Insolite

Une nouvelle vie pour l'ex-footballeur Laurent Tomczyk

Par Stéphanie Denevault, France Bleu Mayenne mardi 18 octobre 2016 à 4:05

Laurent Tomczyk dans son bureau de la maison de quartier Laval Nord
Laurent Tomczyk dans son bureau de la maison de quartier Laval Nord © Radio France - Stéphanie Denevault

L'ancien attaquant du Stade Lavallois, ou encore de l'AS Monaco dans les années 90, raccroche définitivement les crampons. Il vient d'être nommé directeur de la maison de quartier de Laval Nord.

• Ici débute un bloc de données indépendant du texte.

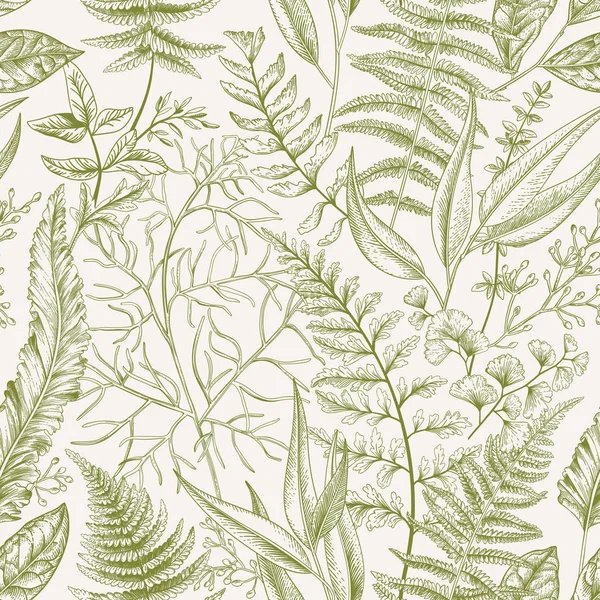 Frühlingshaftes Grünes Nahtloses Muster Vintage Floralen Hintergrund Vektor Blätter Und — Stockvektor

Il a été attaquant, il a marqué des buts, puis il est devenu entraineur à l'US Changé ou encore au Bourny. Aujourd'hui Laurent Tomczyk a 45 ans, et il a décidé de changer de vie, ou plutôt de carrière. Un peu dégouté par le monde du football, un sport qui lui a pourtant permis de quitter sa cité d'Alès dans le Gard : "Nous, c'était football, vieilles cabanes, les copains, le vélo, vu que le temps s'y prêtait, on était toujours dehors. Il y avait un brassage multiculturel, j'en parle avec beaucoup de nostalgie, qui était énorme. On était dans un quartier de gens qui arrivaient de l'étranger pour travailler dans les mines." Laurent Tomczyk, petit-fils d'immigré polonais et espagnol.

Le football, un milieu compliqué...j'en dirais pas plus...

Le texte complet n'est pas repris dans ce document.